Thanks to the availability of abundant bandwidth, millimeter-wave (mmWave) massive multi-input multi-output (MIMO) systems have numerous applications in wireless communications, in which downlink channel estimation is one of the crucial problems. Through the adaptation of lens antenna array, mmWave channels have a sparsity feature in the beamspace domain, which results in the requirement of a reduced number of RF chains for such a system. Using the sparsity of beamspace channels, the beamspace channel estimation problem can be formulated as a sparse signal recovery problem, which can be solved by the greedy OMP algorithm, where dominant beamspace channel entries are found sequentially one by one, iteratively. To improve the performance of this algorithm, we propose a deep learning (DL)-based OMP algorithm, namely LOMP, in which a previously trained DL model is adopted to choose a set of beamspace dominant entries simultaneously instead of a single dominant entry. As we consider the downlink channel estimation, constructing a DL model well-accepted by all users requires them to send received signals to a centralized entity with high computational power. However, this incurs huge communication burden owing to the signal transmission by all users.

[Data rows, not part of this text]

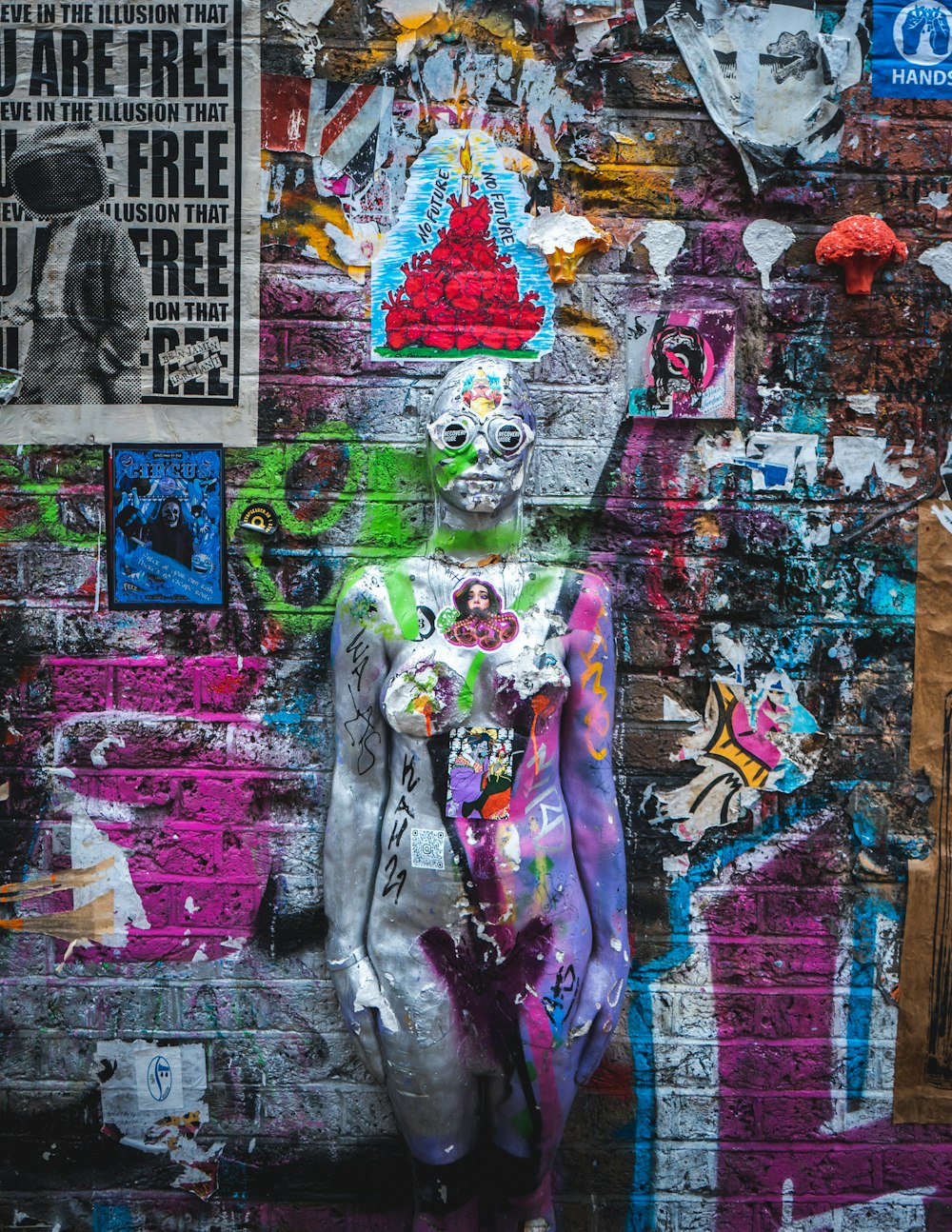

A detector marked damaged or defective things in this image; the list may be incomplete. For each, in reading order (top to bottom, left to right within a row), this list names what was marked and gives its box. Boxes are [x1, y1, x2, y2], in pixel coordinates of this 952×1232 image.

torn poster [261, 75, 394, 191]
torn poster [666, 0, 868, 191]
torn poster [872, 0, 952, 96]
torn poster [0, 0, 259, 444]
torn poster [369, 129, 556, 362]
torn poster [625, 307, 735, 419]
torn poster [659, 674, 823, 849]
torn poster [895, 503, 952, 1127]
torn poster [96, 1036, 223, 1203]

To tackle this issue of communication burden as well as preserve the privacy of received signals, we propose a decentralized federated learning (FL)-based OMP algorithm, namely FL-OMP, in which the peer-to-peer (P2P) FL technique is adopted to construct the DL model in the LOMP algorithm, where users share gradients of their local learning models among themselves. Extensive simulations have been conducted to verify the effectiveness of the proposed LOMP and FL-OMP algorithms while comparing with other works in the existing literature.